The lesson I am going to tell you about was a big one for me. It has stayed with me, and I tell the story to anyone who will listen.
It was the late 90’s, and I was working in the dental practice that immediately preceded me owning my own practice. I was one of two receptionists, the other being Rachel. We seemed to enjoy each other’s company, and worked happily together. Because I had been at this practice longer than Rachel and I knew the software program well, I was happy to train and guide her in the ‘way things were done here’.
A couple of years later, and despite being very happy, I decided a change would be exciting and took a sales position that a colleague offered me.
The owner of this company was well-meaning and friendly. However he found it impossible to place his faith in his employees. He double-checked everything I did. He hovered behind me while I was speaking with clients over the phone, whispering what I should be saying next. He never even felt confident in me enough to allow me out on the road to perform in the sales role he had hired me for, instead keeping me in the office, packing and sending parcels.
Even though only a few months had passed, I started to experience quite dramatic effects from working in this environment.
My self-confidence dropped dramatically, because I was being managed in such a way that indicated I couldn’t be trusted and that I was incompetent. I found simple problem solving now a challenge because I had someone questioning everything I did, doing all my thinking for me. My short term memory also suffered.
I was surprised at how quickly my mental processes started to diminish.
When my previous boss contacted me and asked whether I was happy, I said no. She kindly offered me my old position. I was grateful and jumped at the chance to return. However she called me again a few minutes later. “There may be a problem. There is one staff member that is not happy you are coming back.”
I knew instantly who it would be: Rachel. And I knew why she was concerned. Just as I had suffered the effects of being controlled and micro-managed, Rachel had suffered because of me.
I recalled how I would ‘train’ Rachel in how ‘things were done’ at the practice. What I was actually doing was dictating her to do everything my way. My management style was to stifle her creativity and autonomy, and control her.

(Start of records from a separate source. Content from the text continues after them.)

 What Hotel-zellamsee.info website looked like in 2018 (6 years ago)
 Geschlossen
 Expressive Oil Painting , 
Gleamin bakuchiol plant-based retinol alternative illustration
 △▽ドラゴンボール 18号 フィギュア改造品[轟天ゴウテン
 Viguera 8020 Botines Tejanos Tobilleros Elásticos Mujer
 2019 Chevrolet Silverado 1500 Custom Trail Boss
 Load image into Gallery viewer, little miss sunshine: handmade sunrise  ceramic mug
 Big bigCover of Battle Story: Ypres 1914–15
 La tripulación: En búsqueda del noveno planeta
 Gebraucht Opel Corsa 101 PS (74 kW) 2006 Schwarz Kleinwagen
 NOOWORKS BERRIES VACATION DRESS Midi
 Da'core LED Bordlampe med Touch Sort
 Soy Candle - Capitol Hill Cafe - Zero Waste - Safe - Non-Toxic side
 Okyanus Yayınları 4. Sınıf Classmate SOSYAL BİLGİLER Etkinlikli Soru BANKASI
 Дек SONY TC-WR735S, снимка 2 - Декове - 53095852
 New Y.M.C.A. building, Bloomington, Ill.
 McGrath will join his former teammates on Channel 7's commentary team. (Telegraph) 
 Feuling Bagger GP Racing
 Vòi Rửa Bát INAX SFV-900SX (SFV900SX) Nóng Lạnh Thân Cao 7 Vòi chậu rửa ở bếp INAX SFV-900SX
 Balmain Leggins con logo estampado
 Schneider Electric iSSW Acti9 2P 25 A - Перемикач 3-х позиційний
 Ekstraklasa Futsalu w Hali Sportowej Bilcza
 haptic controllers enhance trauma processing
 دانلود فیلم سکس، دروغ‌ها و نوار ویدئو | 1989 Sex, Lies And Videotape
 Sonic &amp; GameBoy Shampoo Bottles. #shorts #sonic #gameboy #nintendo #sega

I was blind to what I was doing to Rachel at the time of working with her. But now it was obvious to me. I did not like that this was the manager I had become. I did not want to affect another person in such a destructive way.
I said to my old boss “It’s Rachel who will have the issue. And I know why. And I know I can fix it, if she will give me a chance.” I asked to meet with Rachel for coffee.
Sitting with Rachel, I explained what my experience had been. I asked her, “Is this what I did to you Rachel?” She agreed, yes. I apologised and asked whether I could have the chance to make amends. I made a vow to her that I would do whatever I had to, to ensure she felt appreciated, supported and in control.
Thankfully Rachel agreed to work together again. We developed a strategy that included effective communication and honesty. She could pull me up the second I started to behave in a controlling manner, and I promised I would react to her with only gratitude for helping me recognise and adjust my negative responses.
Trust was paramount to this plan working, and we both honoured the process. We became strong friends and our working relationship was one that encouraged each of us to grow and achieve success.
Upcoming blogs will discuss the many lessons I drew from my experience with Rachel: Clarifying honesty in a working relationship, the importance of being true to your word, respecting co-workers sense of ‘self’ and how we flourish when we feel safe.
I am eternally grateful to Rachel for taking the risk and working with me to become the type of manager that I am proud to be today.